Share your dilemmas and get honest opinions from other Mumsnetters.

my partner doesn't want me to be friend with him

172 replies

confusedx3 · 10/11/2020 12:29

hi all,

a long time ago (talking nearly 10 years and when I was a teenager) i slept with someone who I was friends with. only once and on my part no feelings developed romantically. however, it did for him. for the next few years he claimed to be in love with me but I never shared these feelings back. in hind sight, he was more in lust than love, we were only teenagers at the time. it was silly. its a shame because we were great friends prior to this and I wish we had never over stepped the mark because this would never be a problem now.

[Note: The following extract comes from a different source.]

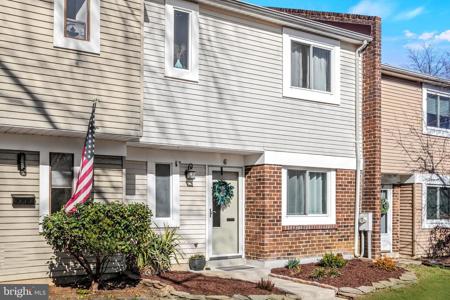 6 ROCKWELL COURT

fast forward all these years, and in 2018 my current partner kicked off because we were still friends, said he isnt comfortable with it and effectively he was going to cause problems if I stayed friends with this guy. because i didnt want the agro i kind of gave in and mine and this guys friendship slowly faded. I wasnt happy about it at the time but my ex friend didnt want the hassle either and I think if hes 100 percent honest was scared of my partner.

ex friend recently announced his engagement and I have unexpectedly been invited to the party (once lockdown has been lifted of course). my partner is still not happy and has announced he will be furious if I even consider going.

I just dont understand. i feel like he doesnt trust me. i have never had romantic feelings for my friend - we slept together once years ago, and yes my friend developed more romantic feelings towards me but this was a long long time ago. he is engaged now ffs and we are 10 years on. I just feel like my partner is being immature and controlling. especially considering his ex girlfriend who he had very strong feelings for when they were together was part of our extended friendship group and I had to put up with her presence at events for years.

I really miss my friend- he was there for me a lot through the years before I met partner and now I feel I cant share his enjoyment at his engagement because of my partner and his jealousy.

AIBU to want some kind of friendship back?

OP posts:
D4rwin · 10/11/2020 14:02

I think it is important that you draw a line here. You want to wish an old friend well in their new life and congratulate them. That's reasonable. Your partner is being unreasonable about what is a very normal situation. He might have some sort of history but that's his problem to work on. How he deals with it might impact on your future relationship, I'd tell him as much that you've thought it through, that it's something you feel is perfectly reasonable, you understand he feels uncomfortable but you want him to move on. But I would act how you want as it's not as though you're changing anything about the relationship or what you bring to it!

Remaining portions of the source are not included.